JPMorgan hit hard by energy loans

Loans: banks routed on oil and gas loans

JPMorgan Chase has signalled a rough first quarter with double-digit declines in investment banking revenues and a $500 million increase in provisions for expected losses on energy loans.

Plummeting oil prices, volatile markets, stubbornly low interest rates, pressure from regulators and a slowdown in China have combined to hurt banks worldwide over the past few months.

"There is no doubt that so far it has been a very tough quarter," Pinto said during a presentation at the bank's investor day in New York, according to Reuters.

Thousands of jobs have been cut in the US energy industry alone and roughly a third of oil producers, or 175 companies, are at high risk of slipping into bankruptcy this year, according to a study by Deloitte, increasing the risk that bank loans will not be repaid.

JPMorgan's move to raise its energy loan loss reserves by over 60% comes a month after the bank said oil companies were "surprisingly resilient", but a drop in the price of oil below $30 a barrel in January has made the situation worse.

Around half of the increase in reserves for oil and gas loans was concentrated on a couple of corporate clients, the bank said.

"There will be a meaningful number of these players who have no options.
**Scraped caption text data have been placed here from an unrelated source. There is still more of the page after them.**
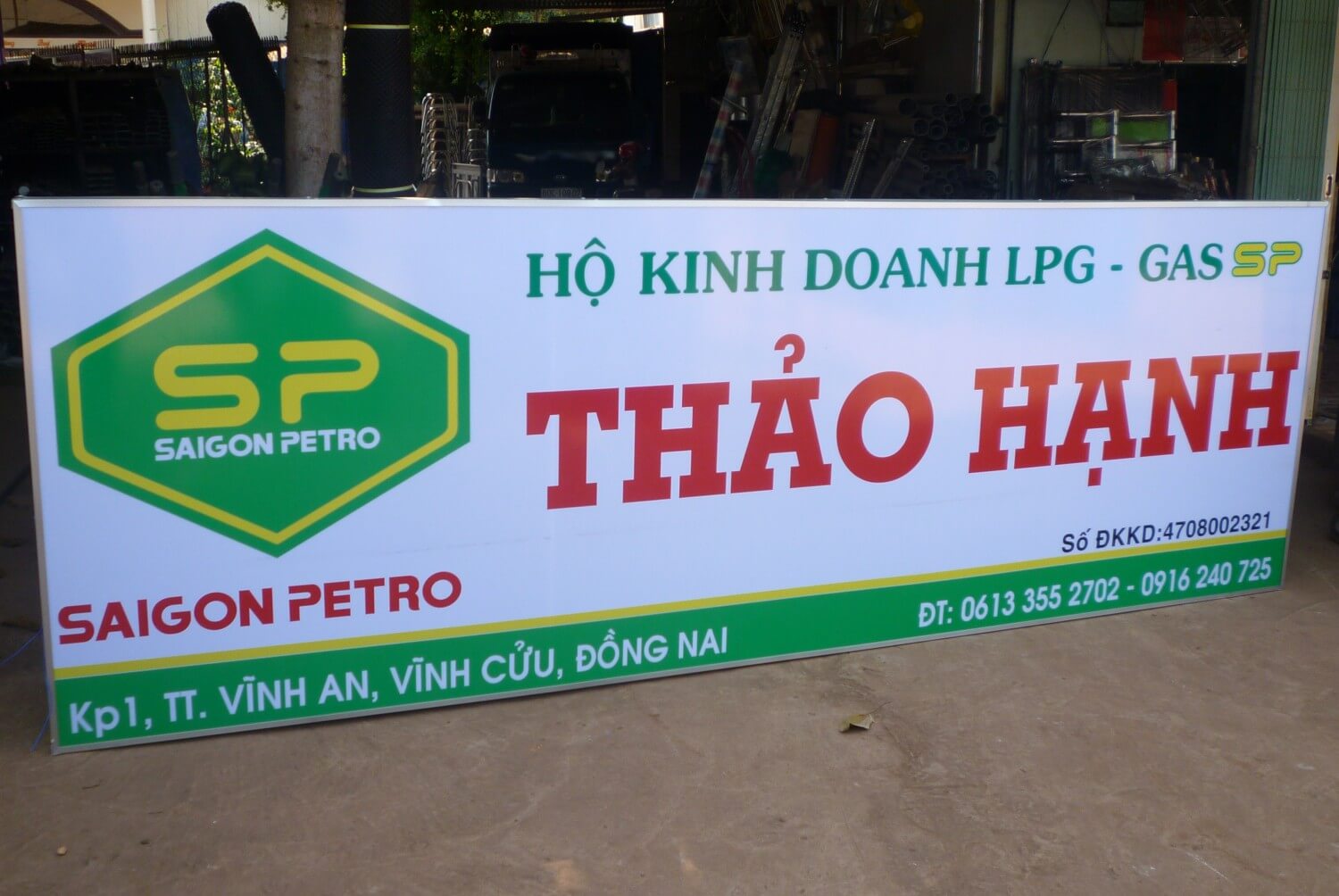 Bảng hiệu khung sắt căng bạt giá rẻ tại Ngọc Hồi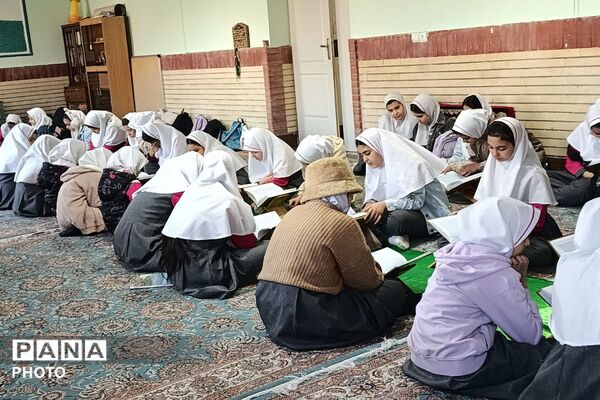  محفل انس با قرآن در دبستان آرمان
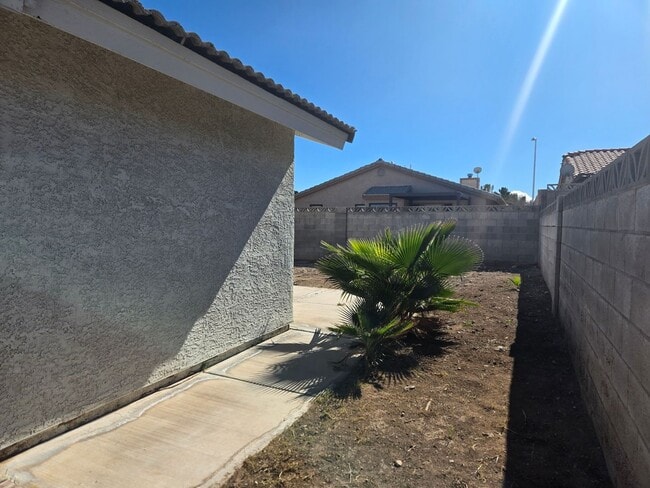 Building Photo - One Story Home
I think we have only begun to see the range of bankruptcies in oil and gas," said Doug Petno, the head of JPMorgan's commercial bank.

Under a "relatively severe" scenario, with oil prices at $25 a barrel for 18 months, the bank said it would have to set aside an additional $1.5 billion in reserves.

JPMorgan's oil and gas loan portfolio amounted to $42 billion, or less than 2% of total assets, as of the end of September, according to the bank's latest available data, Reuters reported.

JPMorgan's US rivals stockpiled their defenses against energy losses last month with Wells Fargo raising provisions against soured assets by more than 70%, nearly half of them for oil and gas loans.

The bank said it had not seen any significant contagion from the troubles in the energy sector into its other lending businesses such as commercial real estate and business banking.